Where Australia are now in trouble is that within four days, they face Grand Slam winners Wales at Suncorp in Brisbane. This leaves little time to integrate the undoubted changes that Deans will make this week, but also to recover from what will have been as draining a psychological defeat as it was physically. What’s more, the resources are far from overwhelming. There is front row security with Ben Alexander, Benn Robinson and Tatafu Polota-Nau in the squad, whilst Pat McCabe and Adam Ashley-Cooper are likely to return to the backs.
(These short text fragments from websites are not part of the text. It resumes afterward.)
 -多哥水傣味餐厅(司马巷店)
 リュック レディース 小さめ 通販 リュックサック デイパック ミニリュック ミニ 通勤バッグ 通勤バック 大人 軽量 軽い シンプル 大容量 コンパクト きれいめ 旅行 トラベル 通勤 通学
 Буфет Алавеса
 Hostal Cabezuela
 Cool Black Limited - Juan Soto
From there however only untested youth remains – Jesse Mogg, Bernard Foley, Kane Douglas and Huge Pyle are all uncapped – leaving Deans with few options.
As for Scotland, winning will mean everything, regardless of the manner which it came about. The jokes regarding how the weather was exceedingly Scottish in Newcastle should not mask the fact that the tackle count from certain players was truly outstanding, Ross Rennie typifying this effort with 24 tackles made and none missed. Not bad for a side without a defence coach, but going forward aside from Greig Laidlaw’s boot they struggled in the wet to put away opportunities when camped in the Australian 22.
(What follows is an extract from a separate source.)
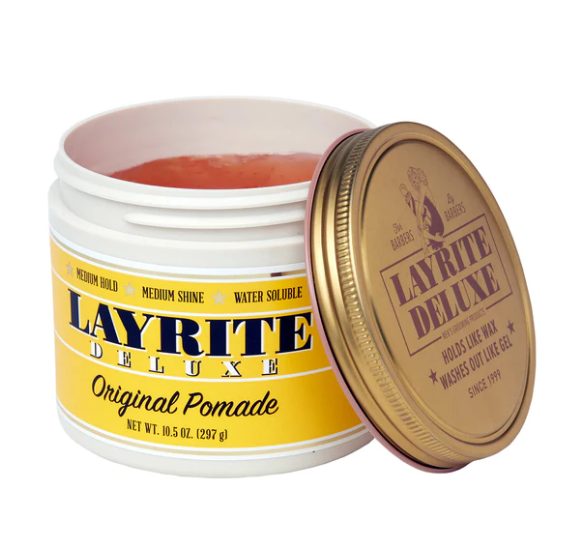 Layrite Original Pomade Hair Bundle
Granted the weather was atrocious, but it did little to dispel the opinion that Scotland are toothless in attack. If they encounter similar conditions in Suva and Apia then they are most likely to be carrying a curse, but to truly to dispel the doubters Scotland will have to score tries against Fiji and Samoa – both who picked up victories in the opening round of this weekend’s Pacific Nations Cup. They appear to have discovered a back row that works, a scrum that can front up and with Matt Scott at inside centre a long-missing creative force. Add in the prowess of Tim Visser and Scotland may defy the critics and have an unbeaten summer, but when you beat Australia, you surely have to put away their next two opponents.
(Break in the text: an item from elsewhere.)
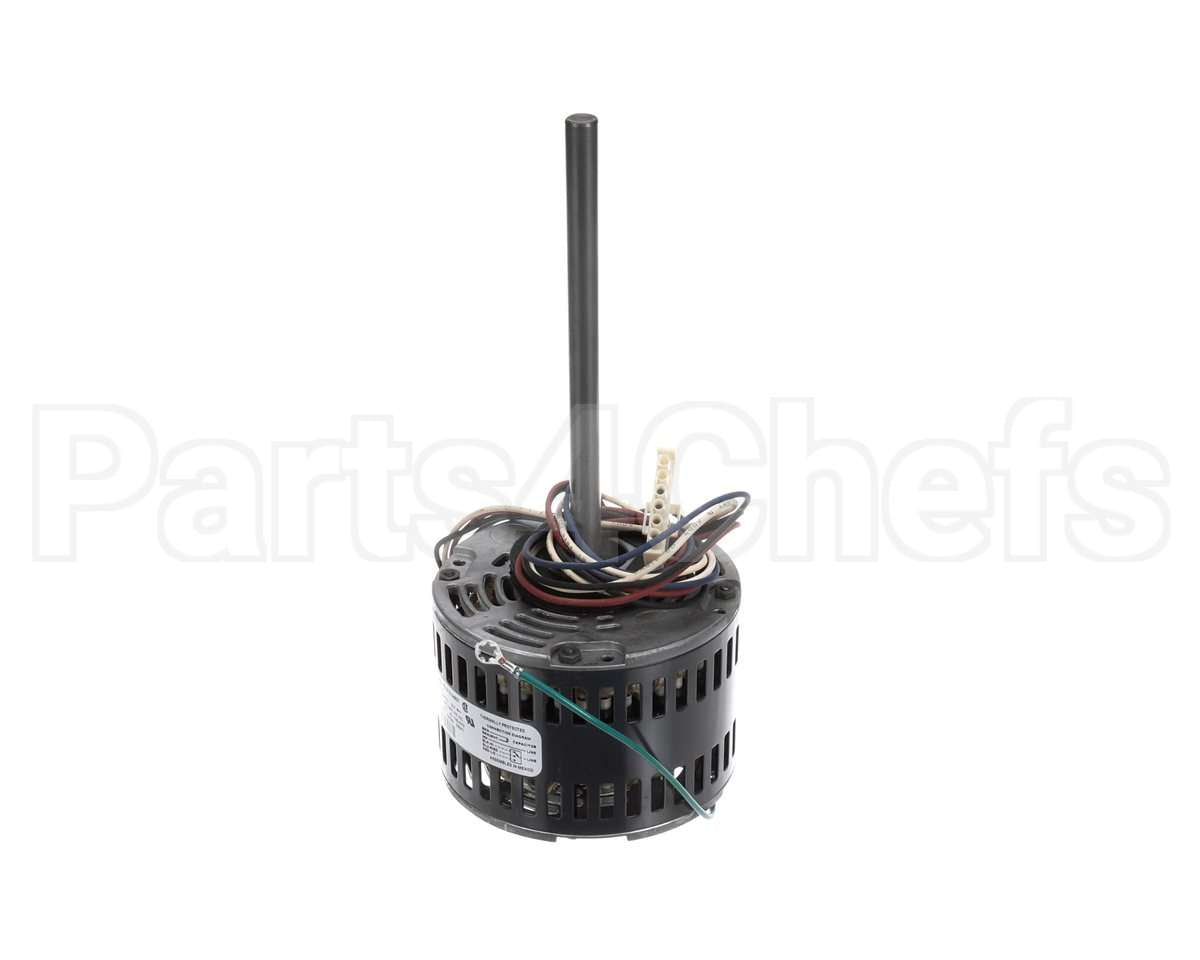 910144837 Daikin 115V 1/20Hp 1110Rpm 3Spd Motor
Which leaves Wales, who now face the wounded Wallabies. Their hosts defeat to Scotland will either bring two outcomes – Wales will face a wounded beast that will do anything for victory in Brisbane, or one in the middle of a confidence crisis after losing to both Scotland and Samoa on home soil in the last 12 months.
The Wallabies’ defeat to the Scots automatically makes Wales favourites considering the fitness of their squad and the flashes of quality shown from many second string players against the Barbarians in Cardiff. Much like England in South Africa, Wales must win the 1st Test whilst their opponents are physically behind. Scotland have not only shifted the pressure from their own shoulders, but transformed it into expectation resting on the minds of their Celtic brothers. It is going to be one interesting Test in Brisbane, one that could be the platform for a Welsh series victory.